Exercise = All of the entries below should be printed exactly; the pictures are to be left out.

Saved entries:
-*-
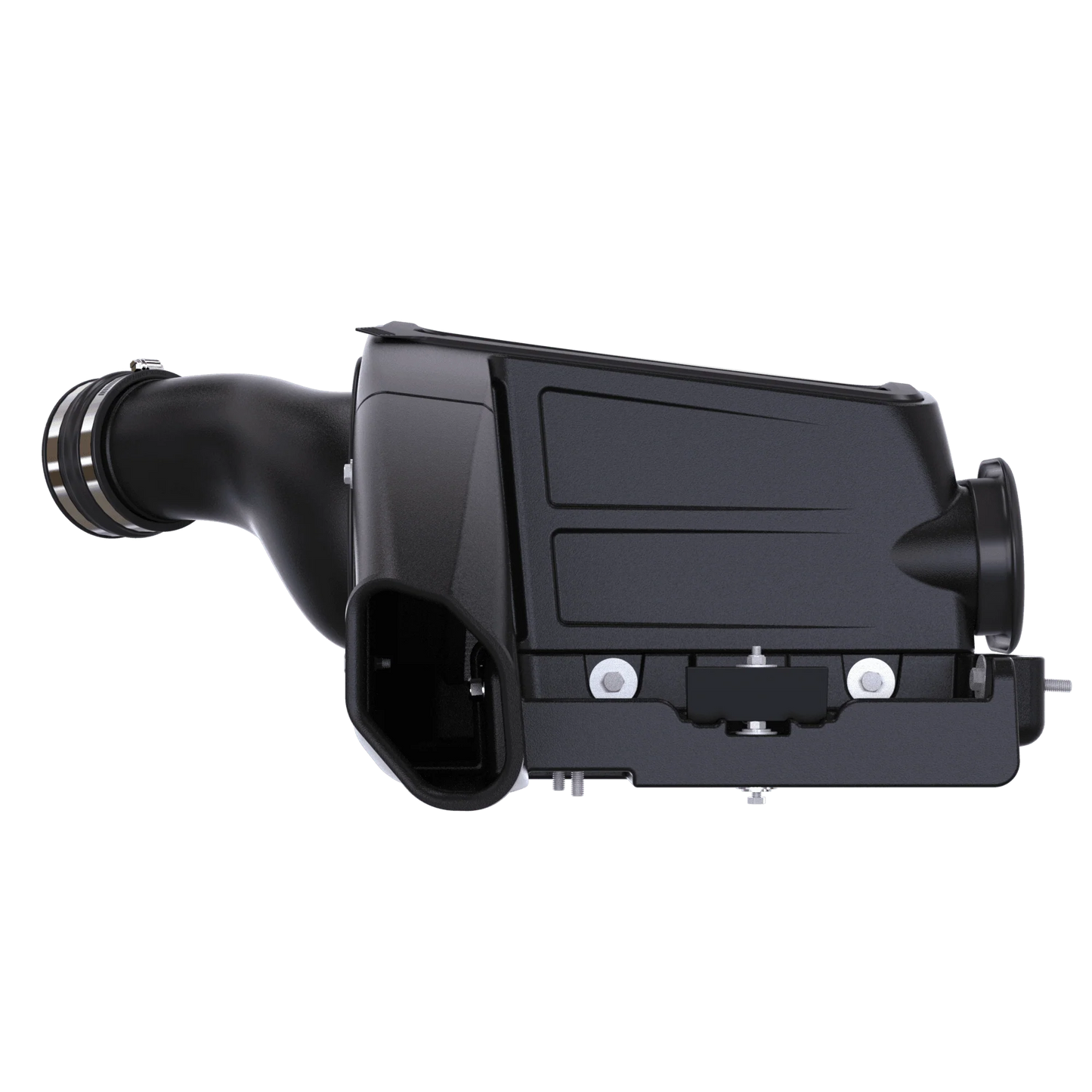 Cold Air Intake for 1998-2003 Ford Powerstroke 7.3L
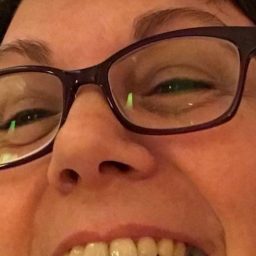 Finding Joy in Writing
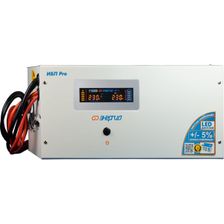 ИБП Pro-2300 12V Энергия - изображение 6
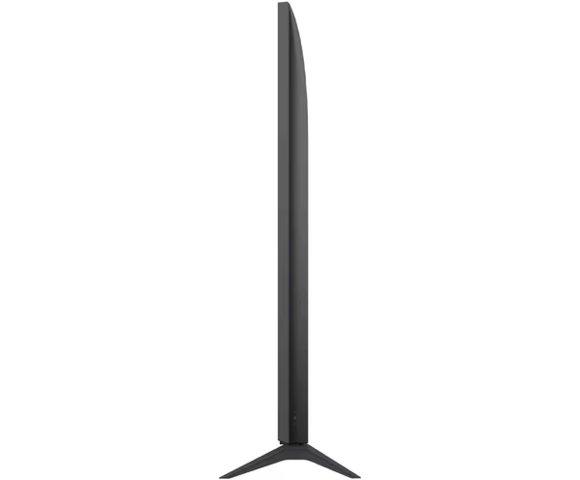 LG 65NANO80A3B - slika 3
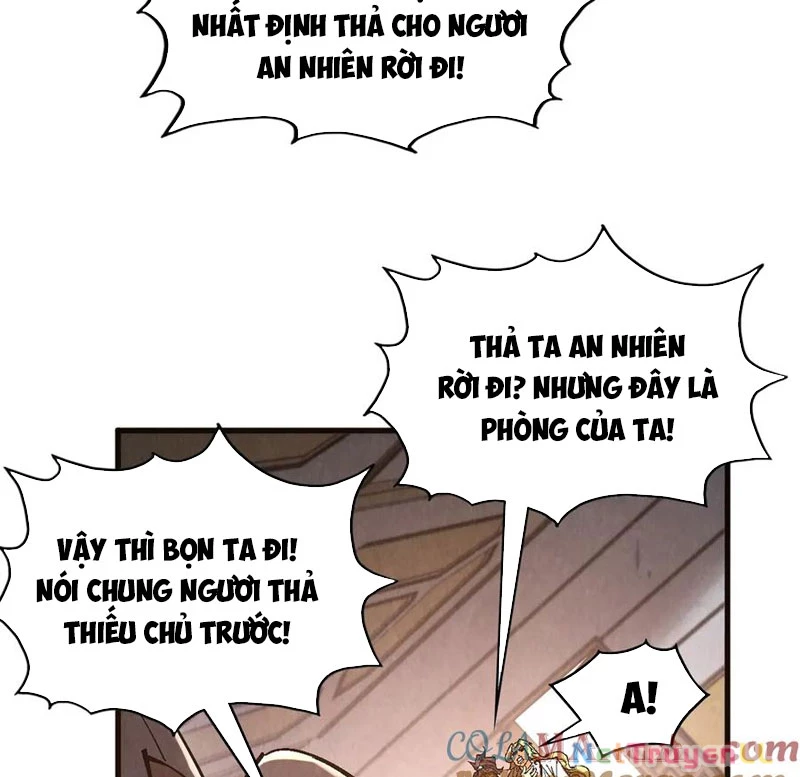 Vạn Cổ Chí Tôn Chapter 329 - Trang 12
-*-
Worked solution =
 Cold Air Intake for 1998-2003 Ford Powerstroke 7.3L
 Finding Joy in Writing
 ИБП Pro-2300 12V Энергия - изображение 6
 LG 65NANO80A3B - slika 3
 Vạn Cổ Chí Tôn Chapter 329 - Trang 12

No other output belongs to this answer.